_What you are asked to do_
Within the entries below, please return exactly the lines from the one with "Warga San Salvador" through the one with "2023 Jeep Wagoneer Base", leaving out any pictures.

_Data listing_
◆ ◆ ◆
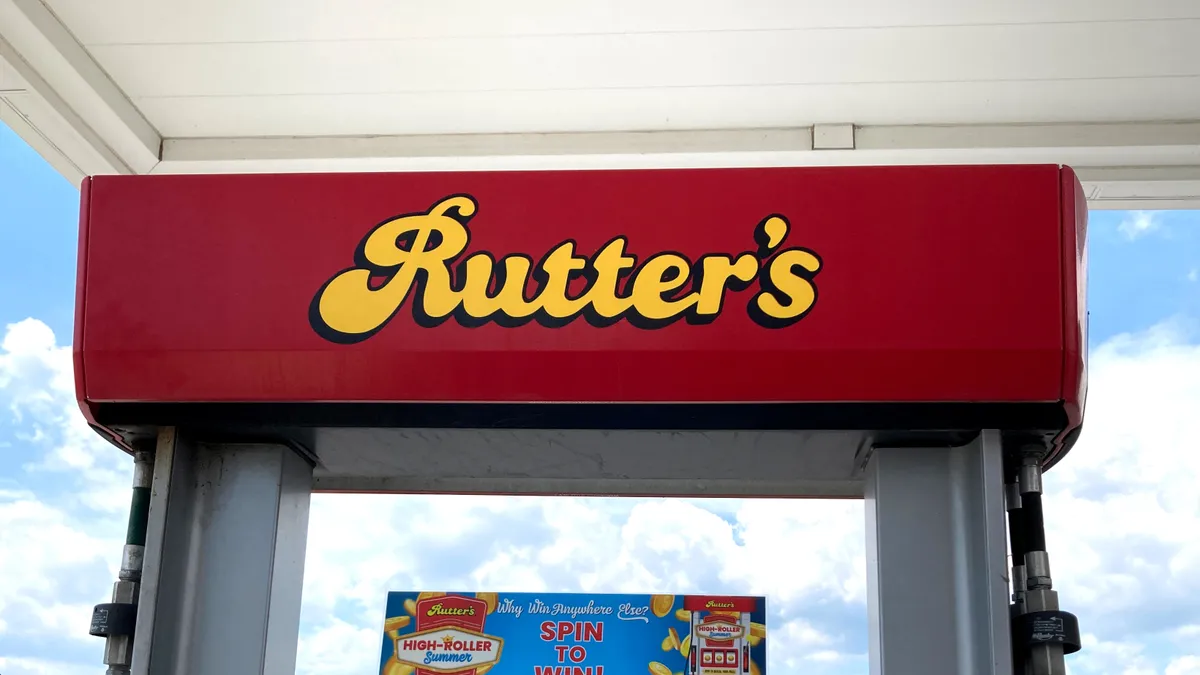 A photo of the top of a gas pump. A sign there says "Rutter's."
◆ ◆ ◆
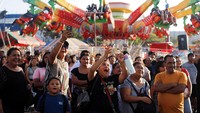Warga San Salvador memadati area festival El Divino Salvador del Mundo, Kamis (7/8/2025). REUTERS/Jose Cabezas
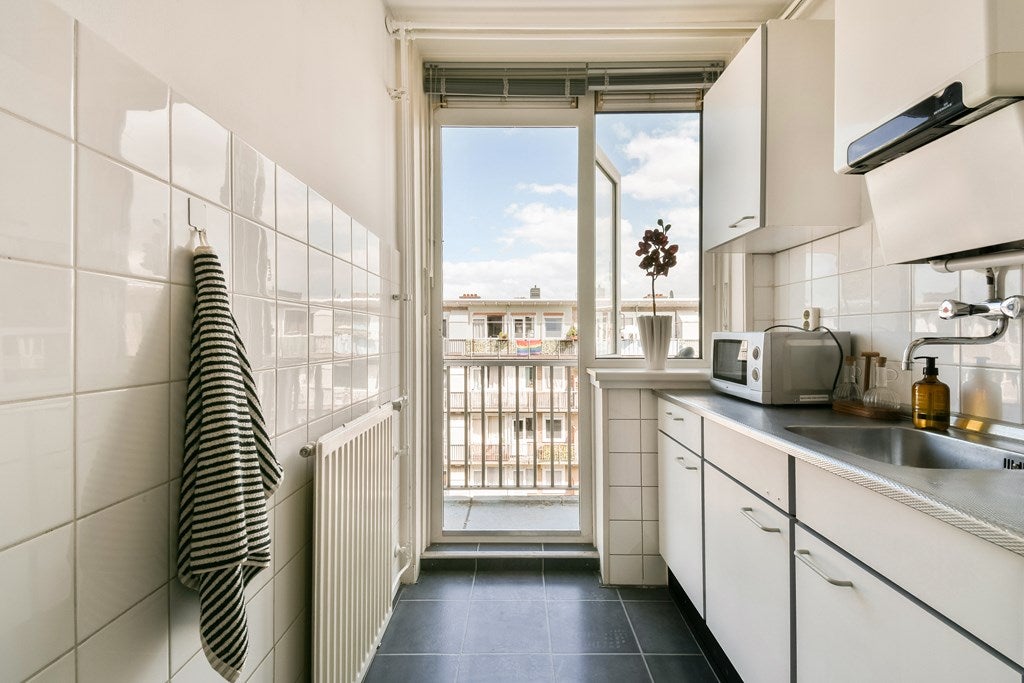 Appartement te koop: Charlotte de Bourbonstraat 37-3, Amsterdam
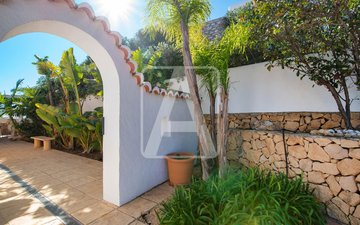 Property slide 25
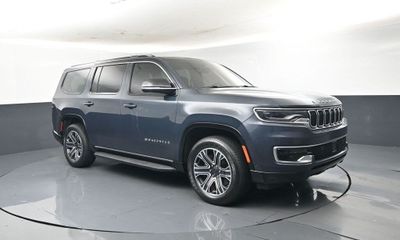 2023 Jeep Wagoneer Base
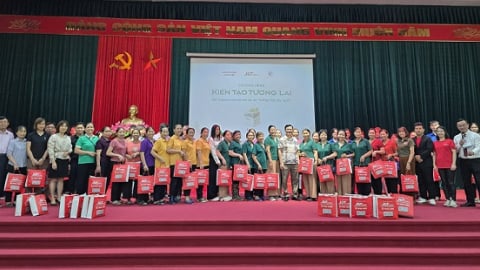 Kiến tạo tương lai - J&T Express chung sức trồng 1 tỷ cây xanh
◆ ◆ ◆
_Answer space_
Warga San Salvador memadati area festival El Divino Salvador del Mundo, Kamis (7/8/2025). REUTERS/Jose Cabezas
 Appartement te koop: Charlotte de Bourbonstraat 37-3, Amsterdam
 Property slide 25
 2023 Jeep Wagoneer Base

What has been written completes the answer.